Perhaps it would be better as "austere ISLAMIC scholar". That would serve to educate people as to what is truthfully going on, rather than slander other religions by putting them next to this outlier one.

November 13, 2019 10:48 PM

@Mark Johnson - yuou are right, of course, but I can't imagine the WaPo ever saying anything that might indicate too strongly that Islam could in any way be linked to terrorism. It was amazing that they later said he studied the Koran.

November 14, 2019 12:44 AM

the thing which has astounded me ever since i learned about islam myself is that virtually *nobody* - left, right, or center - seems to have taken the time to examine the tenets of islam (including me, and for decades). all seem to think, "it's a religion, and all religions are safe, so what's the big deal?"

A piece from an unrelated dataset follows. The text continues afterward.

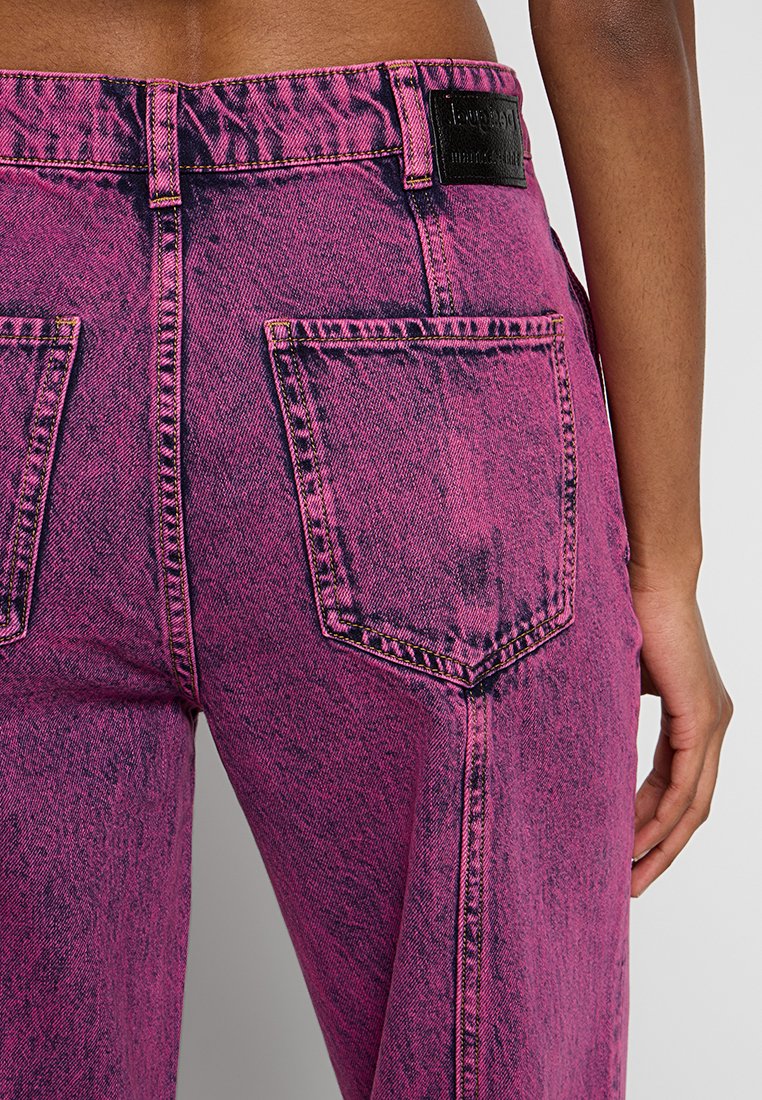 Jeans in denim rosa sbiadito con vita alta, due tasche posteriori e cuciture visibili. Presenta un'etichetta in pelle nera del marchio sul retro.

i am *so* glad that there are people like Hobbes who have taken the time to learn about this poisonous death cult. my only quibble with this article (haven't yet read the other articles to which Hobbes linked) is that he did not explain that the quran is *not* the entirety of islamic scripture. without the traditions of the prophet (called the sunnah), the 5 pillars of islam and the 6 articles of faith would be unknown, because they are not in the quran. most people are also unaware of abrogation, where allah revealed that if he had revealed 2 conflicting revelations to muhammed, the one revealed later should be observed, rather then the earlier one (q. 2:106). since most of the violent revelations in the quran came latter, while the muslims were in yathrib (medina), most of islam as observed by pious muslims is violent and abhorrent.

the sunnah, for those who are unaware, consists of thousands of brief descriptions of what muhammed did, or what he told the first muslims to do, in different situations. since all pre-islamic guides for behavior were discarded by islam, allah revealed to muhammed (q. 33:21) that *he* was the "good example to follow," and as a result, muhammed is considered the perfect man (al-insan al-kamil) and the model of conduct for all muslims (uswa hasana). therefore, it is imperative for all pious muslims to look to muhammed for what to do in every situation. the sunnah provides that explanation in most cases; sharia - islamic law - provides a guide for those situations not explicitly found in the sunnah. if muhammed did it, it's a Good Thing, and all muslims should strive to do it. therefore, things like child marriage, stoning for adultery, loss of limbs for theft (and sometimes for being an unbeliever), beheading for being an unbeliever or blasphemer, slavery, sex slavery, rape, and theft (if done to unbelievers) will be acceptable for all time. THIS CANNOT CHANGE without gutting the underpinnings of the death cult.

all this information is readily available, in english and other languages, online. so why don't the nazicrats ever look at it? they claim to be the smartest people in the room, but they invariably look to me like the ones with their heads furthest up their a**es.